If you’re poor, you’re generally acutely aware of exactly how much money you have at any given time, and that amount is generally very low. Andrew Goodman-Bacon and Leslie McGranahan have a paper out now on the Earned Income Tax Credit, saying that one of the great things about it is that it generally arrives just once a year:

Because the EITC makes one relatively large payment per year, it may provide low-income, credit-constrained households with a rare opportunity to make important big-ticket purchases.

Mark Thoma isn’t very impressed:

This is like forced saving, requiring households to give up monthly consumption for one large annual payment. The fact that they are able to buy more durable goods – cars – with the one time payment is nice, and the argument is that this helps them find employment, but we need to know what they gave up each month before we can conclude they are better off…

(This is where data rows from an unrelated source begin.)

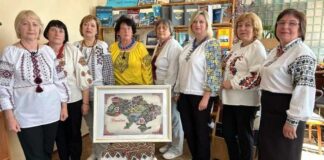 Буські бібліотекарки вишили бісером карту України Вишита бісером карта України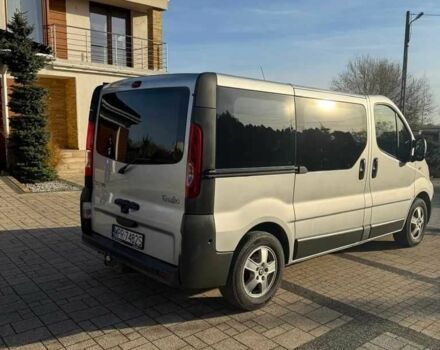 Серый Рено Трафик, объемом двигателя 2 л и пробегом 202 тыс. км за 7800 $, фото 1 на Automoto.ua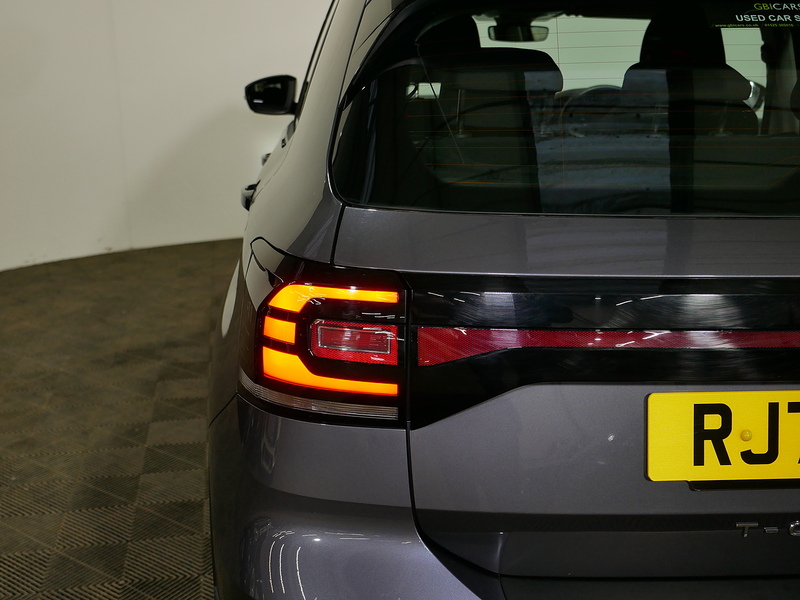 Volkswagen T-Cross TSI SE - U4185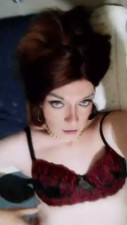 Showing my body and playing with my shemale clit
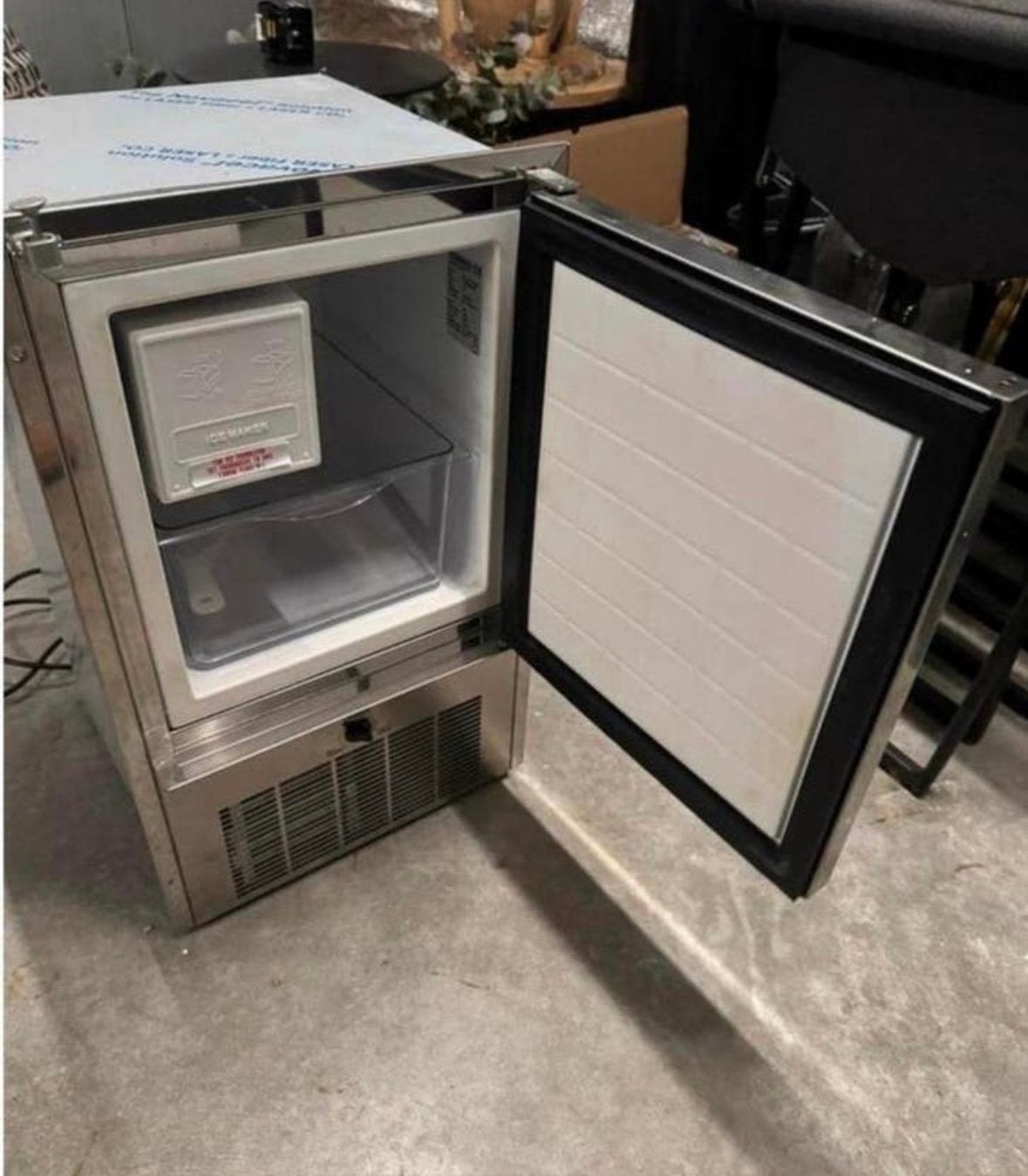 Vitrifrigo Ice Maker IM - CLP HYDRO ijsmachine, Ophalen, Zo goed als nieuw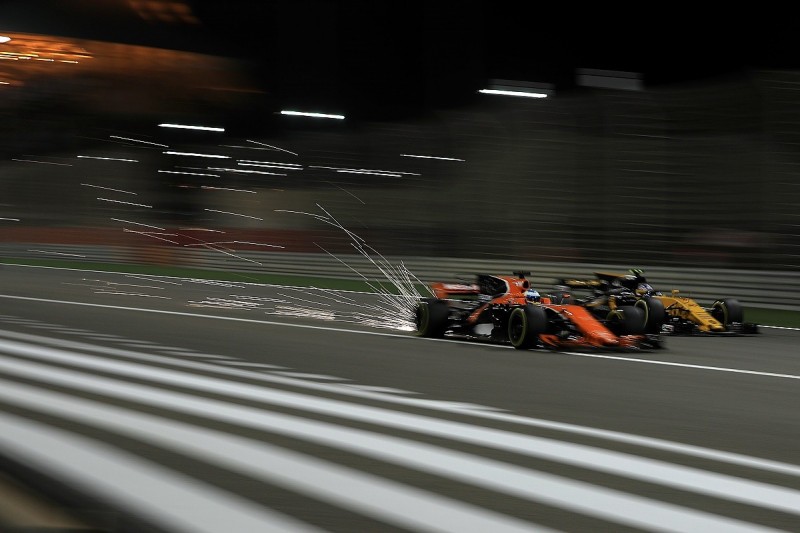 Bahrain GP: Alonso labels Honda's power deficit "impressive"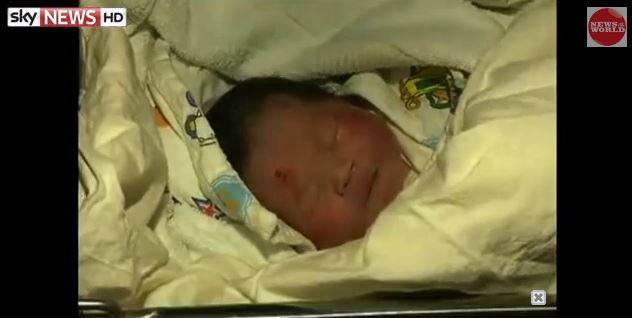 ΒΙΝΤΕΟ-Βρέφος γεννήθηκε στο δρόμο από νεκρούς γονείς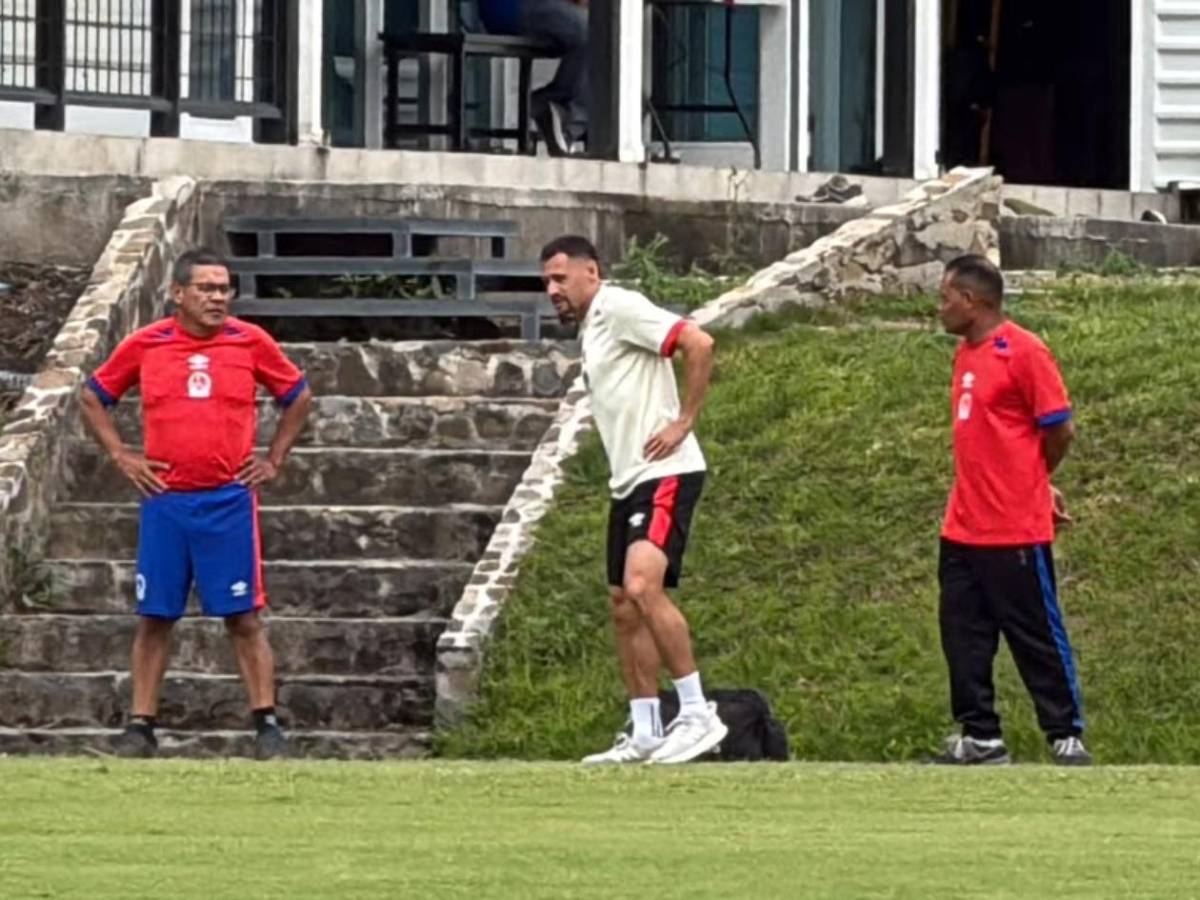Espinel en vilo: tres futbolistas de Olimpia encienden las alarmas en pleno entreno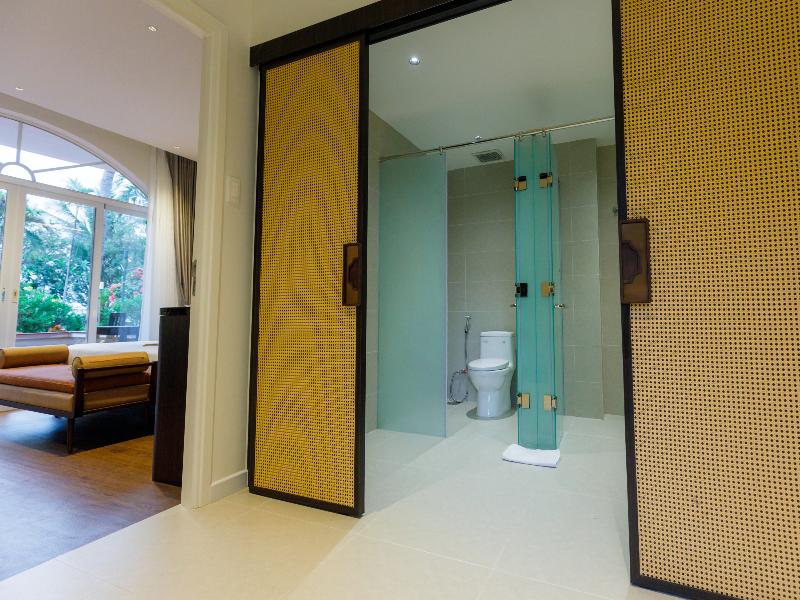 Le Aqua Resort & Spa Phan Thiet image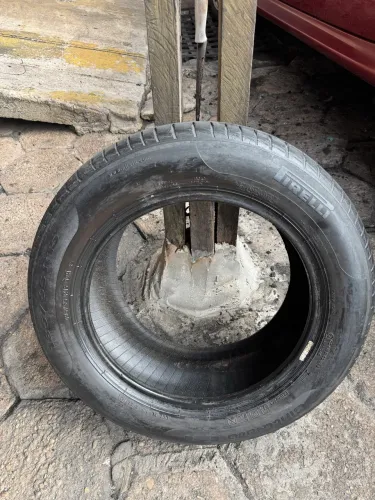 Pneu aro 15 185/65 Pirelli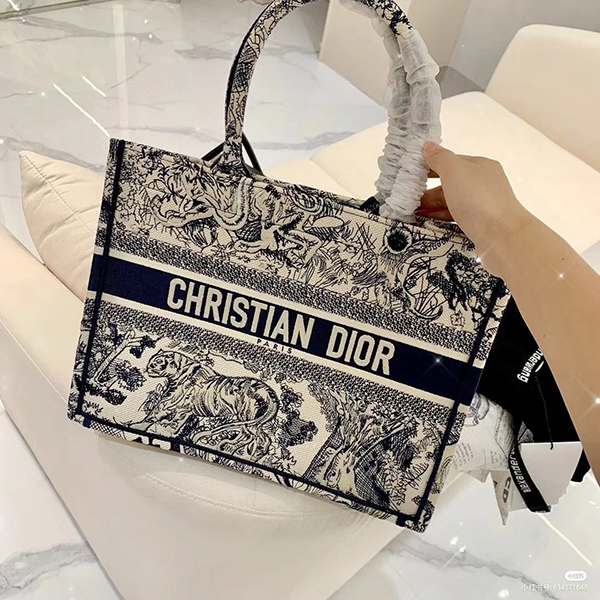 ディオール トートバック 偽物 スモールレディース M1296ZTDT_M808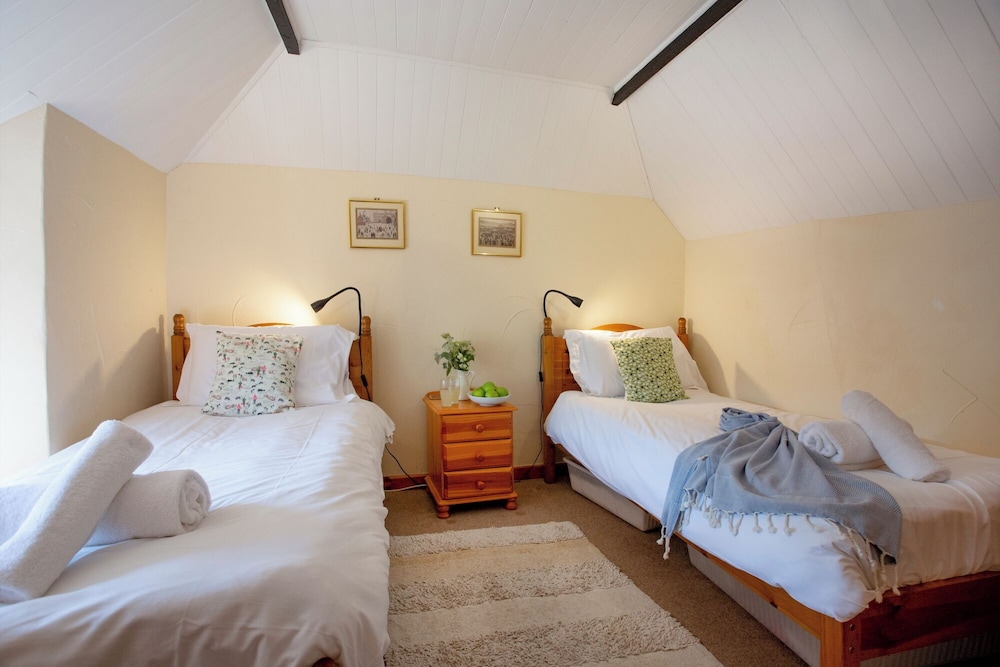 Bridge Cottage - Two Bedroom Cottage, Sleeps 4 - Budleigh Salterton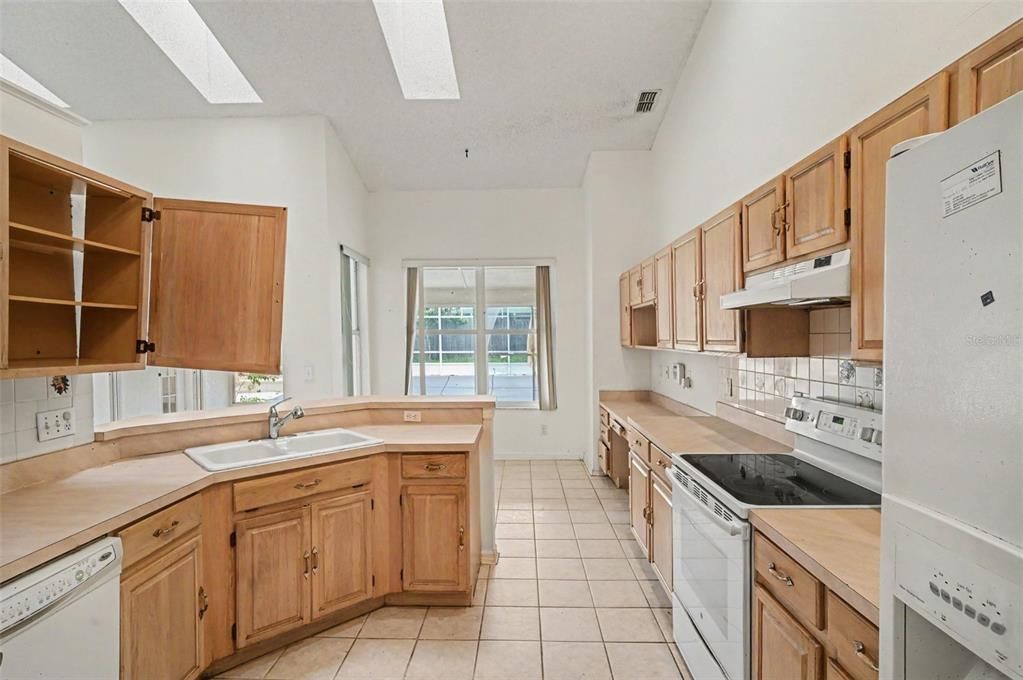 На продажу: $349,950 (4 спален, 2 ванн, 2308 Квадратных фут)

Tthere are arguments that can be made here, but the particular argument ought to be made explicit. Why is it better to force people to save? Unless there’s some good reason for the government to step in and make choices for people, I’d rather not have the government get in the habit of thinking it knows better than I do what is good for me.

And I’d note that given the choice, people nearly always prefer their income more frequently rather than less frequently. In some situations, workers are now being paid daily, and that’s a good thing:

Upon completion of a daily work shift, an employee’s payroll card account is credited with salary payment as quickly as two hours after an approved time card is submitted.

Temporary workers can receive payments on the day that a shift is completed, giving them faster access to funds to pay basic living expenses such as groceries, gas and utility bills.

If it’s a good idea for income to arrive on a daily basis, why is it a good idea for the EITC to arrive only on an annual basis? Or is there a useful distinction to be made between income, on the one hand, and a tax credit, on the other?

Update: It did occur to me, after posting this, that there is a good reason to be paid biweekly or monthly rather than daily: you don’t want to be saving up constantly just to make rent. Better to pay your rent out of your paycheck, and then live on what’s left over.